This page is somewhat humorous as here I try and be self-critical and point out all the problems I have:

Attention span problem

I usually have way too many software projects on the go. 60 software projects seems better than 1 solid program. When I do consulting for companies and I have structured goals, I have much more motivation to complete a project - and I focus much more. But when it comes to open source projects done in spare time, that aren't for consulting, it seems that researching and contributing to 60 projects is better than 1 solid winning project.

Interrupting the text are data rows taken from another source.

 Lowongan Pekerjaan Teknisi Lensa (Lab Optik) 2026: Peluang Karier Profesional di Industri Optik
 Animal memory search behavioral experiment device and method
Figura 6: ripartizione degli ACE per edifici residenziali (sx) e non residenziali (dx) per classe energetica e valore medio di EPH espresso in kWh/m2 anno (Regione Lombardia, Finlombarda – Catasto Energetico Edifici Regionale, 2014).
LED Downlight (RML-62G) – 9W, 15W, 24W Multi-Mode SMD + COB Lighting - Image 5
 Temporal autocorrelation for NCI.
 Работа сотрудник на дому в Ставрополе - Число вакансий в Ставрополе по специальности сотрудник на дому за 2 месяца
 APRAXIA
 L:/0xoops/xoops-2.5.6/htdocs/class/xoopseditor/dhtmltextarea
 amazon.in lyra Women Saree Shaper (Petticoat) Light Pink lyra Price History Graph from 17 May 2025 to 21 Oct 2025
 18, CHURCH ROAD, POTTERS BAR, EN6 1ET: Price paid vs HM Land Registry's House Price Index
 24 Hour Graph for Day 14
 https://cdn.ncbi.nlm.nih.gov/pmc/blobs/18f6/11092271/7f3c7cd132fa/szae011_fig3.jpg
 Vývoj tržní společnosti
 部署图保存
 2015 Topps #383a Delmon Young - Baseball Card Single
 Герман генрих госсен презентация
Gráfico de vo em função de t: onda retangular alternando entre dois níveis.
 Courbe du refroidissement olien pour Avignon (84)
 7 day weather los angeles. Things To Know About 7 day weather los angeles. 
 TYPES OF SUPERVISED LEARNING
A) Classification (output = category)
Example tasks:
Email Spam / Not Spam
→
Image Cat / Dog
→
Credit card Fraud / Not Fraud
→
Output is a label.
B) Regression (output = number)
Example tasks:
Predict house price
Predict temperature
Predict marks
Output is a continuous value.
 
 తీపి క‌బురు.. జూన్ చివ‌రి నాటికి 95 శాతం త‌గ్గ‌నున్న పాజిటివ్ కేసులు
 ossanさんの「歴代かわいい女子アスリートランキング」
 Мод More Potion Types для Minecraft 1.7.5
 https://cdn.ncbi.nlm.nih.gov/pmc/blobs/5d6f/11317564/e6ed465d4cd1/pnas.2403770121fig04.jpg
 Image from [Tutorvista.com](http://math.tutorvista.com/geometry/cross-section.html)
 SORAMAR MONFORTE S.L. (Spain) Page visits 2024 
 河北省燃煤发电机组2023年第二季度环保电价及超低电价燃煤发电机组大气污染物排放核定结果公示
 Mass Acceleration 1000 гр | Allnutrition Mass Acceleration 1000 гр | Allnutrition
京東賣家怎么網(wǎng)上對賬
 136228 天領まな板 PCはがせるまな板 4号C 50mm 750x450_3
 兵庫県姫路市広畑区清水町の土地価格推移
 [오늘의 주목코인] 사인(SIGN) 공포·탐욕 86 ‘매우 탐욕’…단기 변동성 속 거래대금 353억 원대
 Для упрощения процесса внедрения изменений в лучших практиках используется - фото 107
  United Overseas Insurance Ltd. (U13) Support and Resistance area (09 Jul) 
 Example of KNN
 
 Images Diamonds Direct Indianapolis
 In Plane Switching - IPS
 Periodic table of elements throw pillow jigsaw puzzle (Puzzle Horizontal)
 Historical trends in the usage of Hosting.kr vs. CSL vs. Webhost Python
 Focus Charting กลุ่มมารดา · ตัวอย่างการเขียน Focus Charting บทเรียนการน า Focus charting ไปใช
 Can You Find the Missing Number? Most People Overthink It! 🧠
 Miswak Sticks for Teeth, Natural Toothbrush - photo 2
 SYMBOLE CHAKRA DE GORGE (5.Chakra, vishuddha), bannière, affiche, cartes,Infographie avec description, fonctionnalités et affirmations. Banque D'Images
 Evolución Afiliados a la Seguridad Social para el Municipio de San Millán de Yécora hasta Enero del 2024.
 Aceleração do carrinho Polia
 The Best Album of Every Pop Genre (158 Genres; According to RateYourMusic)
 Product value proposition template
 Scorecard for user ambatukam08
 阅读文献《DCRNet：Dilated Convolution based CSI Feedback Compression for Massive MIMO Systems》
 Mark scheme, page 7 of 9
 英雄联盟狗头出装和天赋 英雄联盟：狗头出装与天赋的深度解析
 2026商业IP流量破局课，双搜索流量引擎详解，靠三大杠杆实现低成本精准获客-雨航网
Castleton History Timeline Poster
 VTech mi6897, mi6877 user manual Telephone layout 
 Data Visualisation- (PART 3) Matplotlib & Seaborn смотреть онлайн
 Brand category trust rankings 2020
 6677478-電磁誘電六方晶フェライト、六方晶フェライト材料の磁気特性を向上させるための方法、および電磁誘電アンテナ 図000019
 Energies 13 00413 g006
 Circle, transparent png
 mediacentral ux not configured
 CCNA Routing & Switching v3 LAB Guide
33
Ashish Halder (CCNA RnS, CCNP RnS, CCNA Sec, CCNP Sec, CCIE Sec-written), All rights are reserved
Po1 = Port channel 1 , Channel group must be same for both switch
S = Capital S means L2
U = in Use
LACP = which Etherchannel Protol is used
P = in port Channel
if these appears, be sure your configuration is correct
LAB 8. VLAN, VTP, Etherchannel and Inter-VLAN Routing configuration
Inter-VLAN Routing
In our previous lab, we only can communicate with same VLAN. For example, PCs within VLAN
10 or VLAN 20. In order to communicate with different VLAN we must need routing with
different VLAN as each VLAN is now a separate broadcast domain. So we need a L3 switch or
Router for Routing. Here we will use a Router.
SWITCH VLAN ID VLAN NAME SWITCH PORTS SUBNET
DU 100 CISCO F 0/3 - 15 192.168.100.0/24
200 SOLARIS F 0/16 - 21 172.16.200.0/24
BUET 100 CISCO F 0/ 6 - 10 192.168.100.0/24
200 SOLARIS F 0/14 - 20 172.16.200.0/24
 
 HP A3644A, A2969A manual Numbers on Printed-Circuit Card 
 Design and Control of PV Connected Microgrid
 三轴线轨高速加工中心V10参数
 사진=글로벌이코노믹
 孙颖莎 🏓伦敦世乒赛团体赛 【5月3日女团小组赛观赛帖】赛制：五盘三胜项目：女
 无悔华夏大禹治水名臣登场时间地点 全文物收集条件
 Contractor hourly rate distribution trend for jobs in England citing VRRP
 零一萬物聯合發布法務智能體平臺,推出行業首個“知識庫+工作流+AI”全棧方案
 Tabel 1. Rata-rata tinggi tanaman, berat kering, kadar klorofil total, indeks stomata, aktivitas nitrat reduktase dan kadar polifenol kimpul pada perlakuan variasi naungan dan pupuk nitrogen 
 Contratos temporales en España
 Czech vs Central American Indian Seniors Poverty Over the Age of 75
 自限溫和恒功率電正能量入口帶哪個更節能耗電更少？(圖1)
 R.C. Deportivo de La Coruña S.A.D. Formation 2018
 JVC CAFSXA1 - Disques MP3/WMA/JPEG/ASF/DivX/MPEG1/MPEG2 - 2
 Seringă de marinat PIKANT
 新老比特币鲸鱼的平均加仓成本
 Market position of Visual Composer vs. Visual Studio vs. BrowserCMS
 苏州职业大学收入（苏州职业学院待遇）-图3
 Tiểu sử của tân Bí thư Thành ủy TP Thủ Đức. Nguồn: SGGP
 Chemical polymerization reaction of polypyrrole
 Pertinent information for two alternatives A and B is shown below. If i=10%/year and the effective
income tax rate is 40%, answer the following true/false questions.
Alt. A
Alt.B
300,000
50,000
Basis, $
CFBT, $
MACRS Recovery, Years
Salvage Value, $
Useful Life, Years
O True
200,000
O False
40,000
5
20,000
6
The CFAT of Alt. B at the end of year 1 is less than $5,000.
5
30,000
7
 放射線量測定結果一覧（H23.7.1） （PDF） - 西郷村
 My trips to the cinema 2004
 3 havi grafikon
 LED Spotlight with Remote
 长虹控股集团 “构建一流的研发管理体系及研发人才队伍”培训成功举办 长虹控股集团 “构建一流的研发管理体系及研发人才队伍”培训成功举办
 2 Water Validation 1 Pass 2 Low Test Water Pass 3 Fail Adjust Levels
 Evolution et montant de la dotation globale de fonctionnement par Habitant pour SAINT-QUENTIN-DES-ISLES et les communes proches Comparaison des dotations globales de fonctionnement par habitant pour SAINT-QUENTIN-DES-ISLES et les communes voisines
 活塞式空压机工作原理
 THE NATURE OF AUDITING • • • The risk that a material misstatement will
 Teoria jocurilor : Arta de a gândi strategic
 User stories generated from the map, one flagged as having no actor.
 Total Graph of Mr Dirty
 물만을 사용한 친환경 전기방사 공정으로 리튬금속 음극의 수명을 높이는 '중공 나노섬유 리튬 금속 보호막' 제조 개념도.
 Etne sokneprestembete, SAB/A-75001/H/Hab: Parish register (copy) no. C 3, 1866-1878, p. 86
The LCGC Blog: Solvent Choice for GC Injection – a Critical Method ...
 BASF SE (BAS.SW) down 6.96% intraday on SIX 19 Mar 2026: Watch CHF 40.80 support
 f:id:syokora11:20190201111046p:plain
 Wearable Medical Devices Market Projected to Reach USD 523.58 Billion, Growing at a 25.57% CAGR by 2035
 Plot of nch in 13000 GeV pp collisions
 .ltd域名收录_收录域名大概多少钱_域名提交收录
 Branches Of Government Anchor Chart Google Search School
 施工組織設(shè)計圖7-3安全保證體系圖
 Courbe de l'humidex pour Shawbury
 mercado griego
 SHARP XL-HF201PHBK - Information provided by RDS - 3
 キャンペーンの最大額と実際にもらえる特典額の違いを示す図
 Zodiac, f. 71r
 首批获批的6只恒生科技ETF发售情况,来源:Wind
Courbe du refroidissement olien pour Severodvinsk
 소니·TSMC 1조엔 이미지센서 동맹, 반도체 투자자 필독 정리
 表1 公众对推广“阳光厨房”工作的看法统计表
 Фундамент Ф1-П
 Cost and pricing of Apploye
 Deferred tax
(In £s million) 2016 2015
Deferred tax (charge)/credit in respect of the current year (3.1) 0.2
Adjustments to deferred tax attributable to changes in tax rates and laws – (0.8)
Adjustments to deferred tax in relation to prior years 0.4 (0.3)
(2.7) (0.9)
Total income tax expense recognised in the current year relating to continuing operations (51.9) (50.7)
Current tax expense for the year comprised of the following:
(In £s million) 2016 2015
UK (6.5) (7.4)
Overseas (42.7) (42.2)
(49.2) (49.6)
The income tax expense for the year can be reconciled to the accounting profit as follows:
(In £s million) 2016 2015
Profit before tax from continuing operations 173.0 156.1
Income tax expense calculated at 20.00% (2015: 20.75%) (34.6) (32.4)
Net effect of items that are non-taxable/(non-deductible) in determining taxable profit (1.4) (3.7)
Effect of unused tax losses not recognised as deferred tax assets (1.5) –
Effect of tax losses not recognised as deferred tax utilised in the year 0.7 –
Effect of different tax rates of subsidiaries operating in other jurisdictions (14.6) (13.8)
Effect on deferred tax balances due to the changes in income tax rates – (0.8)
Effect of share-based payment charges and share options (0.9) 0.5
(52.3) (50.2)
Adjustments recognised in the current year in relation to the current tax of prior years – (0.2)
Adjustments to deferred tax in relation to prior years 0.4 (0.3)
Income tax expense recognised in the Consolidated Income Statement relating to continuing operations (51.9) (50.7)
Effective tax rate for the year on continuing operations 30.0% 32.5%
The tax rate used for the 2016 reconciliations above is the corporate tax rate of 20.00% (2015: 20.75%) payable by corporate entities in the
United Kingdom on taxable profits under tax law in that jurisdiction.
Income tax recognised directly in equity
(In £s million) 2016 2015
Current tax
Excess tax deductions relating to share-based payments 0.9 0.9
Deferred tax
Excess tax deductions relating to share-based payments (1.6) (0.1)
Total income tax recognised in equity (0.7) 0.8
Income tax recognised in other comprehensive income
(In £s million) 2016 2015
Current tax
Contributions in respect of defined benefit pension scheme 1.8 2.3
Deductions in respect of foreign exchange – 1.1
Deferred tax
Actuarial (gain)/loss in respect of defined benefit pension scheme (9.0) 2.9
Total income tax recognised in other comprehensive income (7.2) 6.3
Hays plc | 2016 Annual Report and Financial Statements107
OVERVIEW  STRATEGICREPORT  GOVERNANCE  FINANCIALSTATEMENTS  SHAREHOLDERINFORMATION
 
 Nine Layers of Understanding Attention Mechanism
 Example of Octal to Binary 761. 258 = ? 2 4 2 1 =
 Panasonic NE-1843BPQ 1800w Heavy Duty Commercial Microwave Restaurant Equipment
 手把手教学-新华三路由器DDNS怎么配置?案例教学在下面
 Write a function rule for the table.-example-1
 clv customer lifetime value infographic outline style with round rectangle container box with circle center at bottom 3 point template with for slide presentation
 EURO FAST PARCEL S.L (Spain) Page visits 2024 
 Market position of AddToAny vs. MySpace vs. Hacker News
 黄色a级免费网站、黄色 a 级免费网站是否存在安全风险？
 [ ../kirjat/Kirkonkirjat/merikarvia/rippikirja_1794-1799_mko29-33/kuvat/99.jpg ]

I think all programmers that are any good at programming should become consultants or paid-for-software developers (i.e. shareware) - because when a company pays you and gives you structured outlines/goals, you are much more efficient when it comes to getting it done (just do it). The problem with programming is that there are infinite features to implement - so when you aren't paid to program you start dreaming up feature after feature and cool thing after cool thing. This is where structure and goals must come in and save your life - or you will be depressed because you didn't implement the infinite features that you wanted to implement.

Now if hardware was free on the other hand, and energy was free, then software could be free too..

Consistent neatness and organization is a no no

A neat desk but a messy closet or a half made bed. A neat and organized programming language along with a messy hard drive that needs to be backed up and cleaned out more frequently.

All arguments are won by drowning the other in sludge

During email conversations or mailing list discussions, I tend to drown people with verbose messages. Sometimes I even win arguments because my messages are so long that people can't take the time to reply. Seriously. The issue is that I want to discuss as much as possible, and explore all the options - but people get sore eyes when they have to read so much.

Criticizing licenses and politics while living in them

I criticize software licenses and politics that I don't like, yet I sometimes use a lot of software that is based on these licenses. An example is a BSD user who hates GNU/GPL with a passion but still uses a GCC compiler released under GPL. I also criticize politics, capitalism, libtards, conservtards, and communism a lot - but yet I still live in a capitalist society myself full of liberals and conservatives
I do work on these issues. Being self critical and publicly pointing out my difficulties is the first step to becoming a better human. In fact I'd argue that most people tend to keep their problems secret. I want to make them public.